What was the goal of the NATO military action? The answer is: in order to protect hundreds of thousands of peaceful citizens in Kosovo. That was an understandable reaction to the violence exerted by the Yugoslavian police, army and paramilitary units over the Albanian population. We believe that the majority of European politicians, who took the decision on the bombardments, had good intentions. But, there is a proverb, that the road to hell is paved with good intentions. The bombardments did not protect the population. We have information that only during the first week of the bombardments Kosovo was left by as many Albanians as the total number for the previous half a year. Next weeks the flow of refugees (maybe, it is more correct to call them the deportees) did not diminish. Their houses were burned down. They lost many relatives. You would say that it is the criminal Miloshevich’s regime that is guilty. You will be partly right. But can you relieve the responsibility from those who started the military activities and did not think about how to defend the peaceful population from the abuses. This is like a situation with hostages kept by terrorists: may one begin the operation of extermination of the terrorists, not having done everything possible to save the hostages?

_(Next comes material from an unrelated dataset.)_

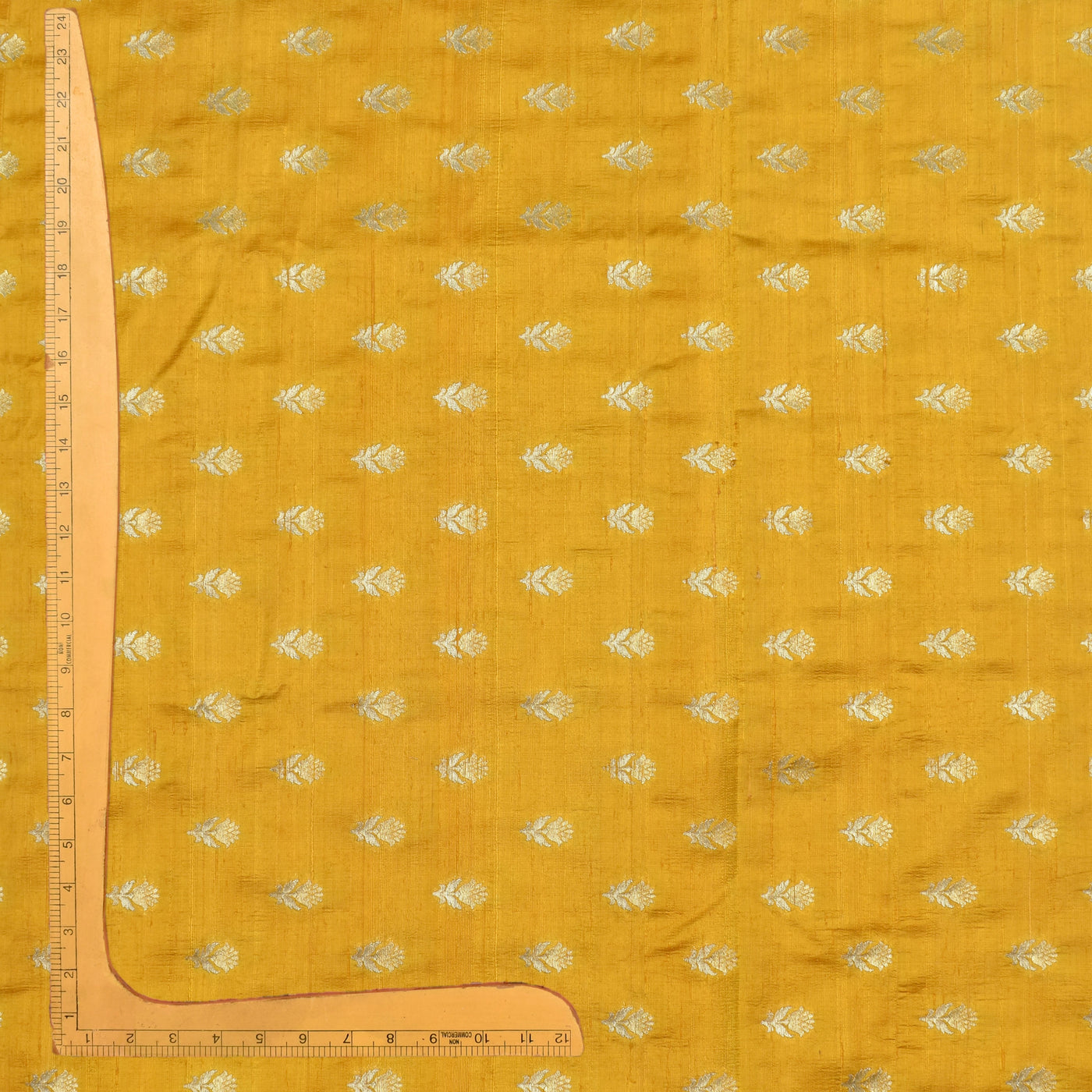 Oil Mustard Tussar Raw Silk Fabric with Flower Banarasi Butta Design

Perhaps, the initiators expected that Miloshevich would give up after a few days of bombardments. Why were they so sure? In fact Miloshevich did not give up, and the majority of the Albanian population is already deported. This means that the politicians, who took the decision on bombardments, either made a terrible mistake or had in mind other priorities that the protection of the peaceful population.

What must be done now? The retreat of the NATO would bring the victory of the criminal dictator and would have grave consequences for the whole world. But what about the victory of the NATO? What is the cost of this victory? We understand that, to our great pity, there exist no military conflicts without victims among the peaceful population. But awful news come from Yugoslavia more and more often. Houses of peaceful population, a passenger train and a bus, a column of refugees got under rockets and bombs. Victims among the civil population cannot be related to accidents. The NATO began to deliberately destroy civil objects. We see that the intensification of bombardments leads to the increase of victims among the civil population. The beginning of land operations may increase such losses by many times.

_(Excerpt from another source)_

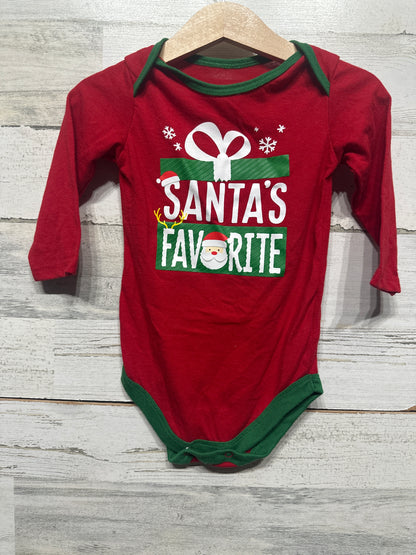 Boys Preowned Size 12m Holiday Time Santa’s Favorite Bodysuit  - Good Used Condition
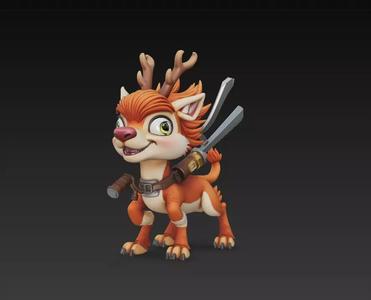 Stylized Fantasy Reindeer Warrior - Cute Game - Animation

Did those, who initiated the military operation, try to estimate the ‘admissible number of losses among civil population’? We think that not. The politicians expected ‘a small victorious war’, and the military just carried out the orders. How alike it looks with the beginning of the Chechen war.

Certainly, the responsibility for all victims, in the present and in the future, can be put on Miloshevich, what many NATO politicians are just trying to do now. But we think that this is an incorrect approach. Those, who initiated the military activities are responsible as well.

However, it is becoming more and more obvious that for many politicians, as well as for the public opinion of the West, the main target was not liquidation of the humanitarian catastrophe, but the struggle with the criminal dictator Miloshevich. In this case it is not so important that Albanians are deported form Kosovo and that bombs ruin civil objects and kill civil population. After all, continuing the bombardments long enough, it is possible to achieve the retirement of Miloshevich from politics and retreat of Serbian armed forces from Kosovo. To this end, it will be sufficient to completely ruin the industry and communications of Yugoslavia, killing by the way many Serbian women and children. May this policy be justified?

And then what shall the united Europe (bar Russia) do with the beggarly angry Yugoslavia, headed by another extreme nationalist, for example, Sheshel?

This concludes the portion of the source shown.